Week 17 (January 2):

  • Selected game: St. Louis @ Seattle.

Two years ago, two sports-media columnists got into an argument over whether the NFL was compelled to select an AFC game for Sunday Night Football Week 17. One of them claimed that the NFL was bound to keep the balance of primetime games taken from CBS and Fox relatively even, and the NFL had taken so many Fox games that they absolutely had to take a CBS game Week 17. The other disputed his claim but eventually conceded, and it turned out to be irrelevant because the only game guaranteed to be relevant before primetime was Broncos-Chargers for the AFC West crown.

But for me, that was only the beginning. After all, a rule like this would surely be relevant to my own attempts to predict the Sunday Night games, so even though the columnists in question never directly stated what it was, I surely needed to know. Intrigued, I decided to count the number of games taken from each network over the course of that season and found that the balance was Fox 22, CBS 19. That meant that the balance couldn’t exceed 22-20, which didn’t make sense to me that a rule that restrictive would be that obscure (after all, the NFL would be constantly restricted from flexing away from one network throughout the season!). Still, for the last two seasons, the initial distribution of primetime games has fit the 22-20 rule. This season, however, it will not end that way. With the selection of Rams-Seahawks in primetime Sunday night, the final distribution will be Fox 24, CBS 19. (The decision by the NFL to go head-to-head with the World Series added an additional primetime game.)
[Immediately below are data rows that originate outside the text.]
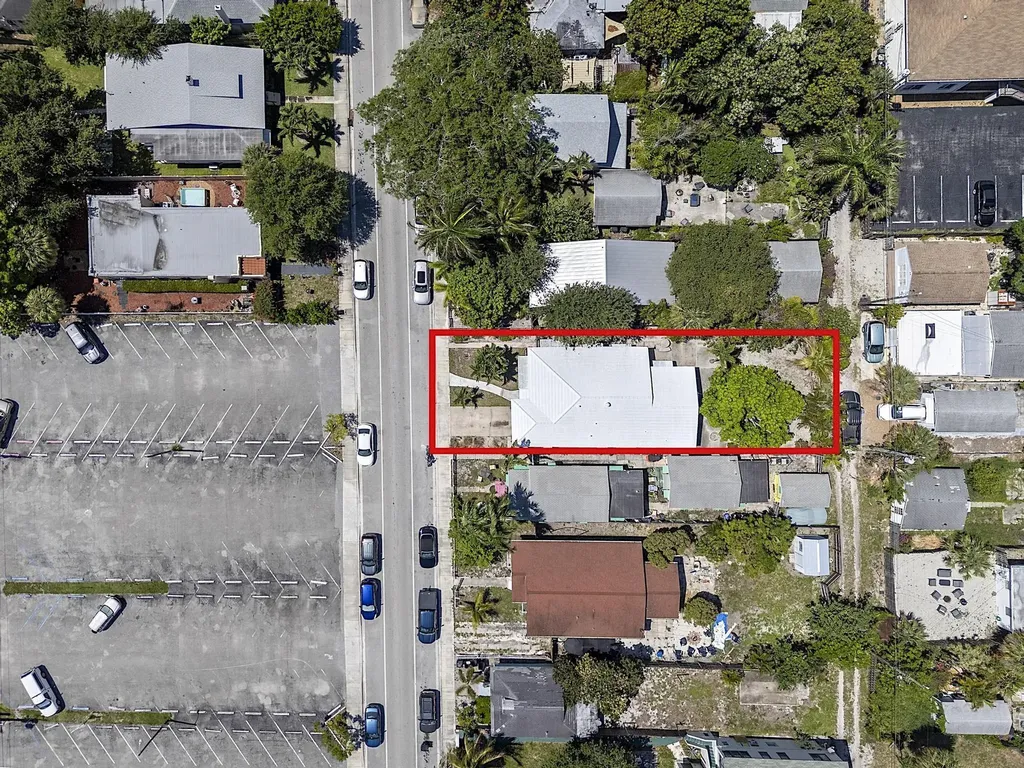 215 N M Street Lake Worth Beach FL 33460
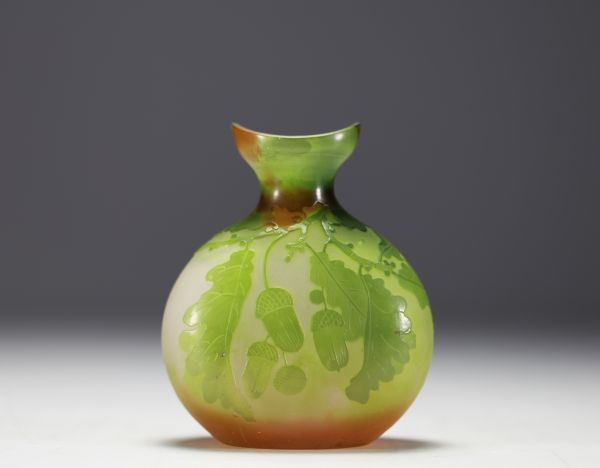 Émile GALLÉ (1846-1904) Vase gourde en verre multicouche dégagé à l'acide  à décor de feuilles de chêne et de glands.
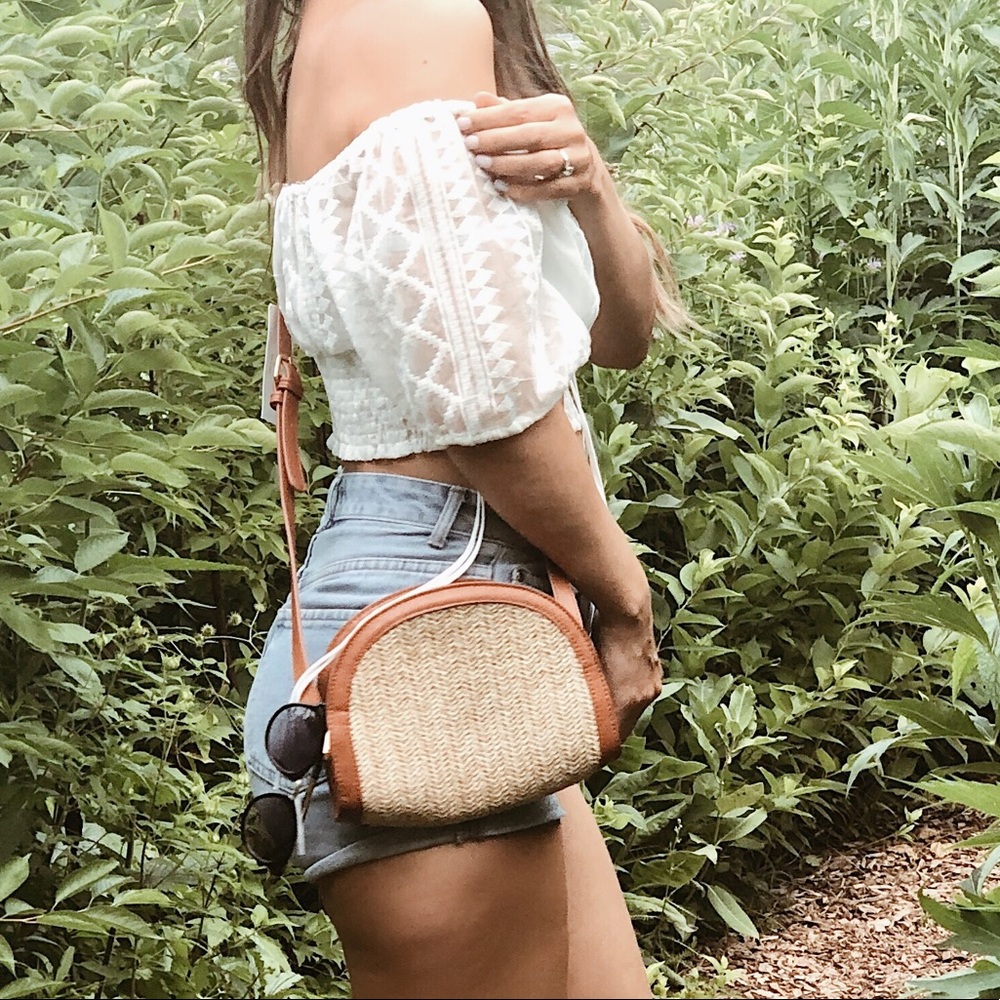 NWT Puff Sleeve Crop Top - Picture 9 of 12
Now, in rereading the posts from two years ago in preparation for this one, I find reference made to the popularity of the NFC over the AFC over time, which could be construed to span multiple years, and any “violation” of the 22-20 rule would merely mean that we should expect the balance of games next year to take more games from CBS. (And that particular link seems to imply that the hit would primarily fall on the teams themselves. For the record, the Cowboys had a total of only four primetime games that season.) Regardless, it seems the 22-20 rule or whatever it is wasn’t prohibitive (or else the NFL would have flexed in an AFC game this week), which I guess explains why I was the only one worried about it.

And ultimately, Rams-Seahawks was selected for the same reason Broncos-Chargers was selected two years ago: it was the only game guaranteed to have playoff implications before primetime, after all the other games were played. Bears-Packers was very unlikely to become irrelevant; it’s a win-and-you’re-in game for the Packers, and the only scenario I can think of where a Packers loss wouldn’t disqualify them from the playoffs would still fall on the strength-of-victory tiebreaker. But that was too much for the NFL, who went for the absolutely sure thing even though it’s a complete dog between two sub-.500 teams from iffy markets for the NFC Worst where I’m rooting against my own team just so the division winner can finish at .500.

(Incidentially, I watched KING-TV’s “Pete Carroll Show” Sunday night in its timeslot that was adjusted because of the cancelled Sunday night game, and they advertised Rams-Seahawks taking place at 1 PM local time. Granted, the flex probably hadn’t come down yet, but I didn’t even see a notation that the time was subject to change. Then again, considering I think the time was listed as “1:05” in a Fox doubleheader week…)

The real story, though, from the last few wild weeks is that the NFL’s decision to schedule all division matchups Week 17 has effectively screwed NBC that week. NBC now appears to be stuck with either division title games in weak divisions like Rams-Seahawks, or lucking into two wild card contenders in the same division entering the final week tied at the edge of the playoffs (or a game apart with the team behind holding the tiebreaker if they win) AND playing each other.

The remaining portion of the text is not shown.